Data Engineer - Module Lead.
- 8+ Yrs of experience on Data Engineering.
- Build ETL pipelines using technologies such as Python and Spark
- Implement new ETL pipelines on top of a variety of architectures (e.g. file-based, streaming)
- Optimally store large datasets using a variety of file formats (e.g. Parquet, JSON) and table types (e.g. Iceberg, Hive)

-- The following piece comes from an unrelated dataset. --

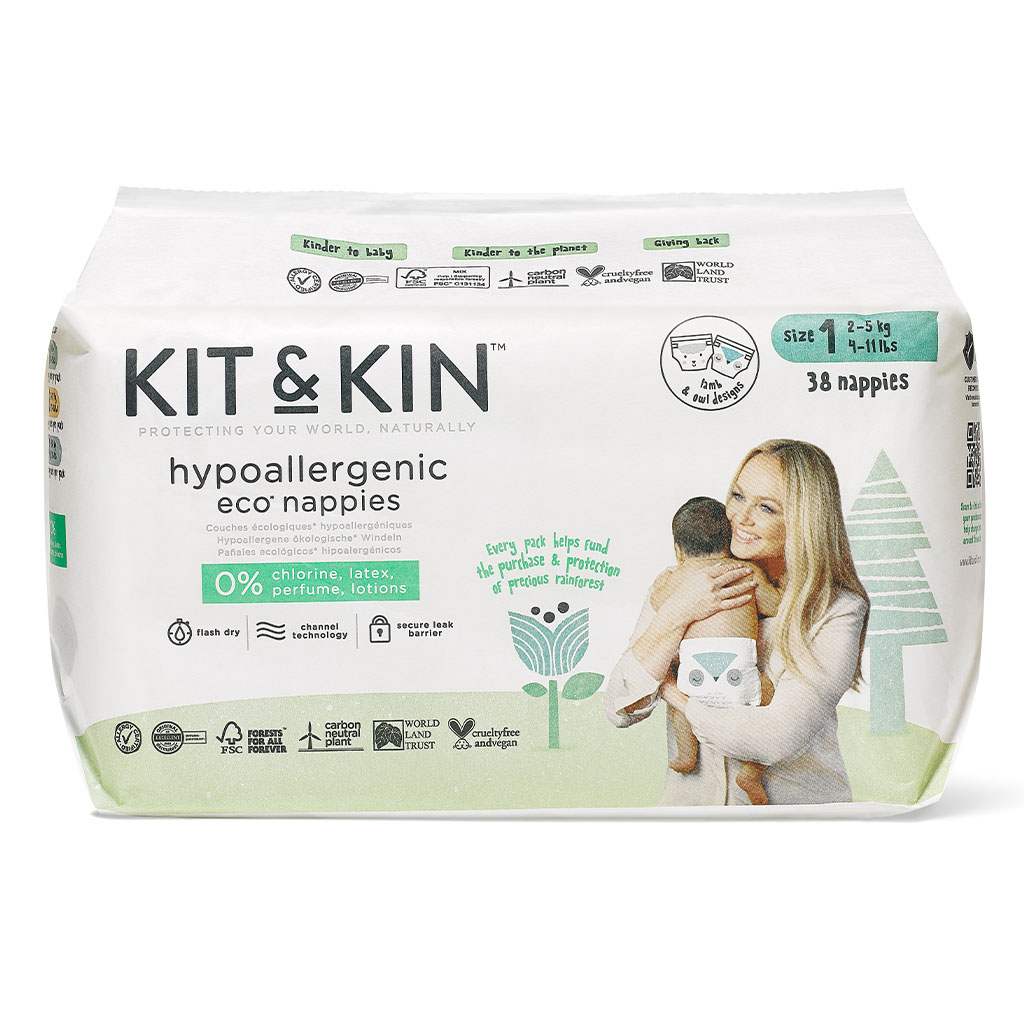 Kit & Kin Eco Friendly Hypoallergenic Size 1 Baby Diapers For 2-5Kg, Pack of 38’s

- Work with Data Analysts and Data Scientists to understand and make available the data that is important for their analysis
- Work with our Data Platform, Architecture, and Governance sibling teams to make data scalable, consumable, and discoverable
- Leverage Cloud-based technologies (mostly AWS, some GCP) to build and deploy data pipelines
We’re looking for someone with:
- Strong knowledge of Oracle / Mongo DB.
- 2+ years of building ETL pipelines for a Data Lake/Warehouse
- 2+ years Python experience
- 2+ years Spark experience
- Hive, Iceberg, Glue, or other technologies that expose big data as tables
- Familiarity with different big data file types such as Parquet, Avro, and JSON
- Background in building data platforms in the Cloud (e.g. AWS, GCP, Azure)
- Experience building RAG-based tools is a plus